#### EXERCISE DATA:

-*-*-

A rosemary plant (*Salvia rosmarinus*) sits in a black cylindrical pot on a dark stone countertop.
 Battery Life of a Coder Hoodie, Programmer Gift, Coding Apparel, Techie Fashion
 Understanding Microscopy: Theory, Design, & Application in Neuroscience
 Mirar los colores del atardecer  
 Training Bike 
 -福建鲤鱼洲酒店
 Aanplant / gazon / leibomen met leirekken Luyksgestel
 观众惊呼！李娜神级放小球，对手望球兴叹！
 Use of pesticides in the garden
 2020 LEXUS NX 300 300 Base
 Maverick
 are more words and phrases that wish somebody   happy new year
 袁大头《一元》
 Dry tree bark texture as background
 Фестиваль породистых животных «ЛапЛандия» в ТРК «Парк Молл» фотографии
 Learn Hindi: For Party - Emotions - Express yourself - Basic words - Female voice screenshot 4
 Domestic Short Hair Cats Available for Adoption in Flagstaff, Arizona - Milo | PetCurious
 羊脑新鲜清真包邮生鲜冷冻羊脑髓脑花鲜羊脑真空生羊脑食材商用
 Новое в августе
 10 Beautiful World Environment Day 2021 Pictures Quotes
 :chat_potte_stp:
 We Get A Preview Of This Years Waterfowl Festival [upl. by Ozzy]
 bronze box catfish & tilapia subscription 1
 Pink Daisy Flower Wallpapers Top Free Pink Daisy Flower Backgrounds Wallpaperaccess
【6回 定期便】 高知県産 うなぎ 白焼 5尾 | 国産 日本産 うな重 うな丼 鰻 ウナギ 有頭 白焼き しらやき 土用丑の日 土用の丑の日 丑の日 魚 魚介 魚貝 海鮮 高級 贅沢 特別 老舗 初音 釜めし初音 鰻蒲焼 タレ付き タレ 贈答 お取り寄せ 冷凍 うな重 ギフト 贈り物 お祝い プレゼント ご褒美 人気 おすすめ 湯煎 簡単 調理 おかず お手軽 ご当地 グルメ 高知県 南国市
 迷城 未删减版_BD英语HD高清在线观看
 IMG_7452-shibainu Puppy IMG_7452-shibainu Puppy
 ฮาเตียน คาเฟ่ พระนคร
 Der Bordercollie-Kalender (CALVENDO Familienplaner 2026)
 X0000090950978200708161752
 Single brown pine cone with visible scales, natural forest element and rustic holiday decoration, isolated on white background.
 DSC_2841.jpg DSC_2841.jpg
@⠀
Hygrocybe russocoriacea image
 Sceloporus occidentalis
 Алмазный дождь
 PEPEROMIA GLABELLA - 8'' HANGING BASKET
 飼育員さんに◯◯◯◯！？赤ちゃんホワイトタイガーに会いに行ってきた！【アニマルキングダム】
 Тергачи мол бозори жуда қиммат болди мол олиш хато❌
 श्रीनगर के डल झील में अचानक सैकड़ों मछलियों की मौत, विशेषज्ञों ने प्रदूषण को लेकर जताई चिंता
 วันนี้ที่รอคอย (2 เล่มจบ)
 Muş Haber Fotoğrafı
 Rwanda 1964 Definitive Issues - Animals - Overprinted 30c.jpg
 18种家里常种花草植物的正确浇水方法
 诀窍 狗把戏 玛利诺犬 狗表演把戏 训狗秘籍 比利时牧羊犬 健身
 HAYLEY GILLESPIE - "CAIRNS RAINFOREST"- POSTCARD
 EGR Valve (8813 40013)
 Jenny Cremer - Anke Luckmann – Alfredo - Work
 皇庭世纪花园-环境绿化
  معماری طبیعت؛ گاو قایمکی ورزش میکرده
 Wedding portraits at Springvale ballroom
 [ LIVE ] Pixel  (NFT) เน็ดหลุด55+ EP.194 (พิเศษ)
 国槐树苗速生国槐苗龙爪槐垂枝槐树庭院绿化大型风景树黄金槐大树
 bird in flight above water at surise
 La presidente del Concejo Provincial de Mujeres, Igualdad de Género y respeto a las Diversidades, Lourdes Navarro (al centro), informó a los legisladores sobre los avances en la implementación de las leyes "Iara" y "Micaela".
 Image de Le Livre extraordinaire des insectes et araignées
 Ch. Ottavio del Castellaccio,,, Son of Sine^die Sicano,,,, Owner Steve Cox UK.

-*-*-

#### TASK:
From the line containing "X0000090950978200708161752" down to the line containing "Muş Haber Fotoğrafı" in the material above, reproduce every line exactly, including the two end lines.

#### RESPONSE AREA:
 X0000090950978200708161752
 Single brown pine cone with visible scales, natural forest element and rustic holiday decoration, isolated on white background.
 DSC_2841.jpg DSC_2841.jpg
@⠀
Hygrocybe russocoriacea image
 Sceloporus occidentalis
 Алмазный дождь
 PEPEROMIA GLABELLA - 8'' HANGING BASKET
 飼育員さんに◯◯◯◯！？赤ちゃんホワイトタイガーに会いに行ってきた！【アニマルキングダム】
 Тергачи мол бозори жуда қиммат болди мол олиш хато❌
 श्रीनगर के डल झील में अचानक सैकड़ों मछलियों की मौत, विशेषज्ञों ने प्रदूषण को लेकर जताई चिंता
 วันนี้ที่รอคอย (2 เล่มจบ)
 Muş Haber Fotoğrafı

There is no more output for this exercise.